> [Task to complete] Output the first line below and each one after it, exactly, up to and including the line holding "Assembly (continued) |". Pictures should not be copied.

> [The input]
►

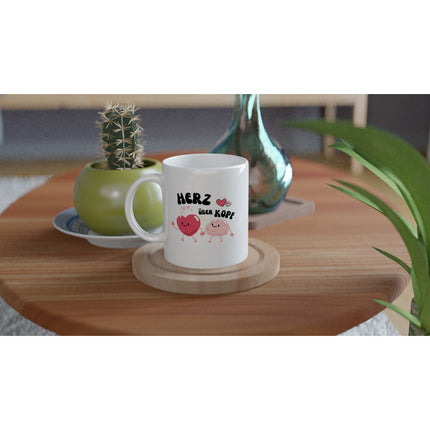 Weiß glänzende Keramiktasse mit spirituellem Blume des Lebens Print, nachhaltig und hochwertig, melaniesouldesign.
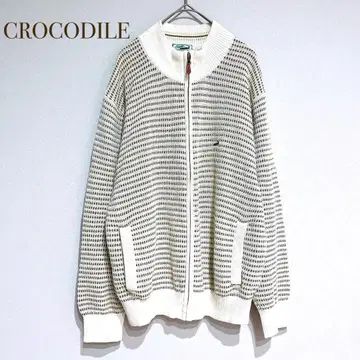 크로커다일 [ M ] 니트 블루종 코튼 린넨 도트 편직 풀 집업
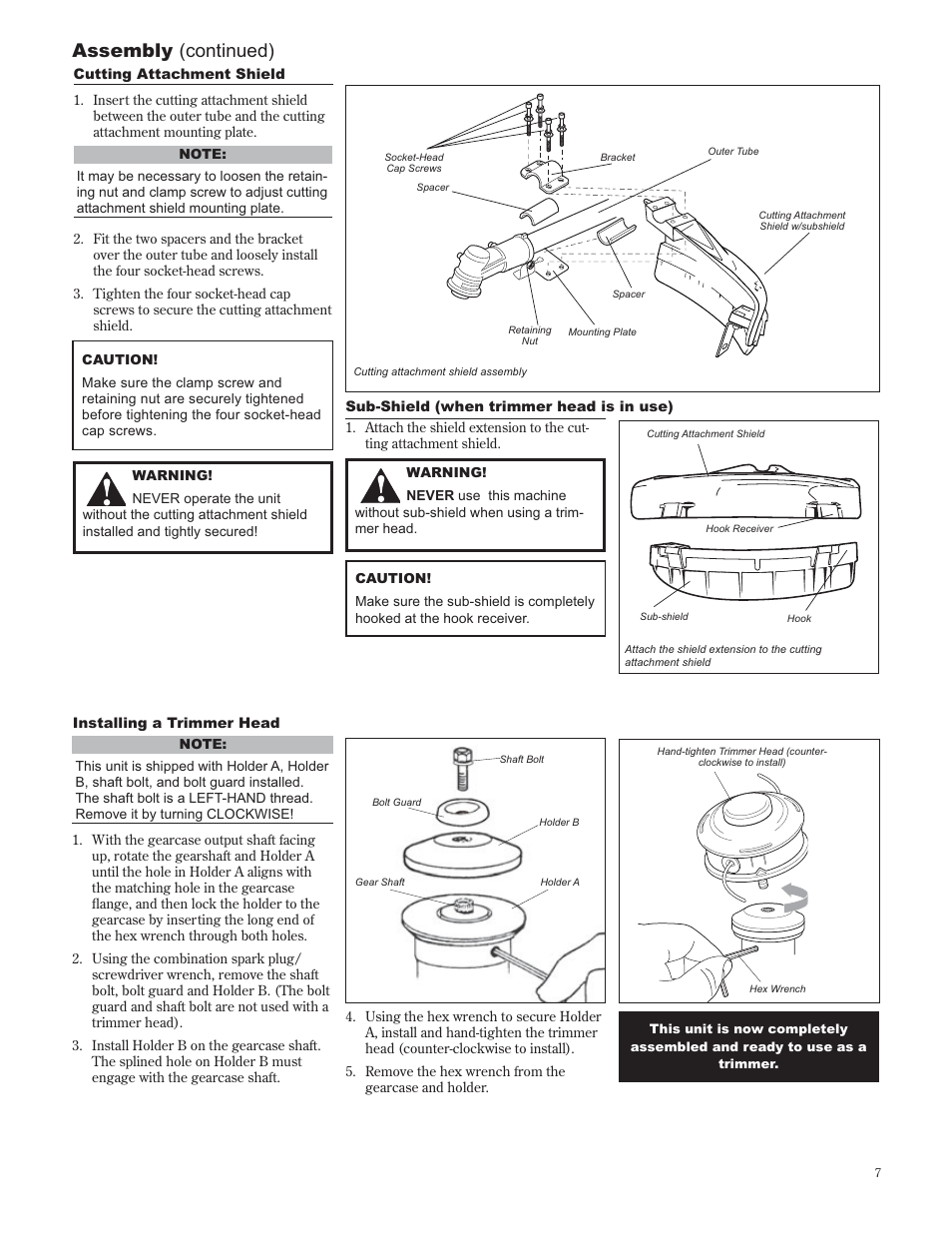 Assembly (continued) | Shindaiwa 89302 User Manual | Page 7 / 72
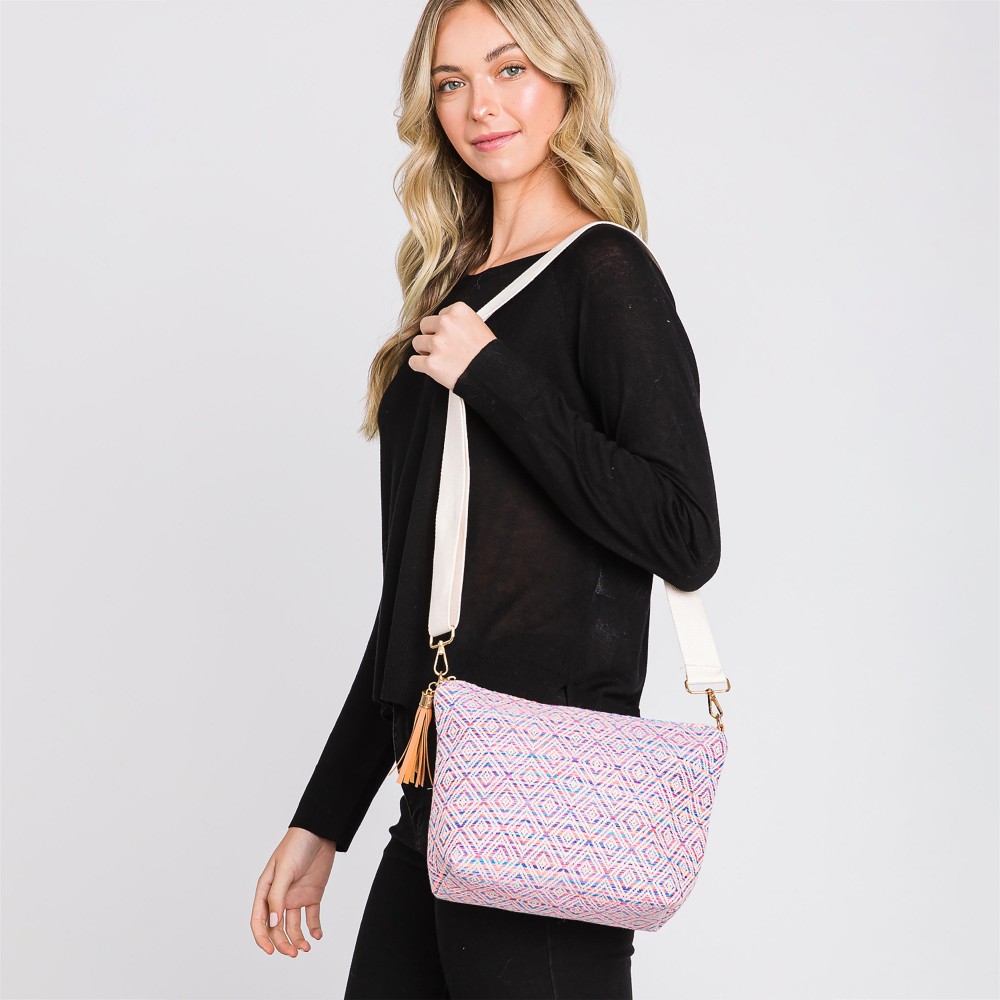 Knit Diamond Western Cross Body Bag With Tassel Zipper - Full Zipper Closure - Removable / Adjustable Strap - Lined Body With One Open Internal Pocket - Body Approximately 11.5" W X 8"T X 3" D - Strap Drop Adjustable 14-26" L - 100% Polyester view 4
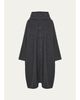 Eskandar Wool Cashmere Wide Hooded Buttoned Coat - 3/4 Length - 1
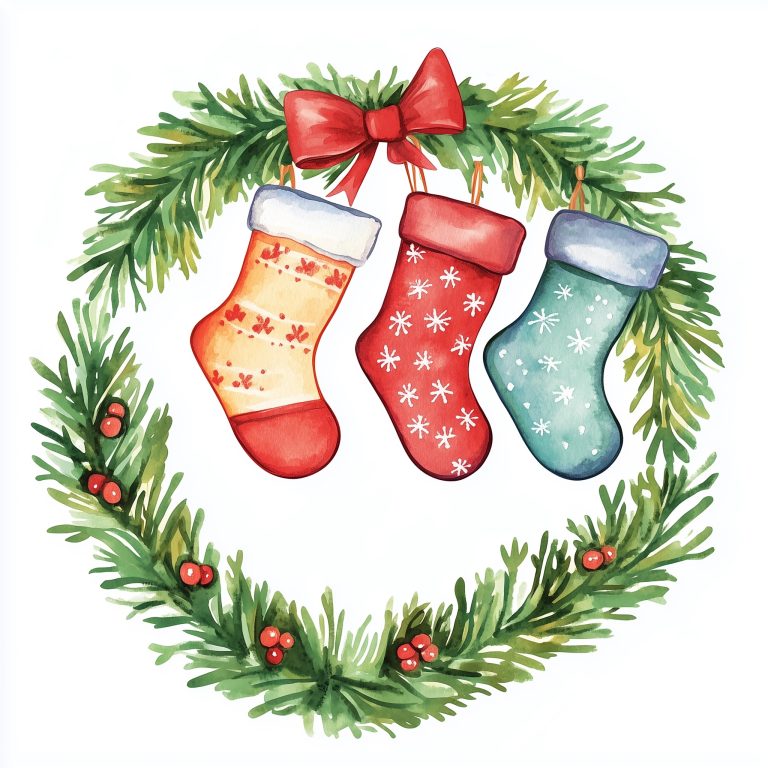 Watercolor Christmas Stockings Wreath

◄

> [Response to the task]
 Weiß glänzende Keramiktasse mit spirituellem Blume des Lebens Print, nachhaltig und hochwertig, melaniesouldesign.
 크로커다일 [ M ] 니트 블루종 코튼 린넨 도트 편직 풀 집업
 Assembly (continued) | Shindaiwa 89302 User Manual | Page 7 / 72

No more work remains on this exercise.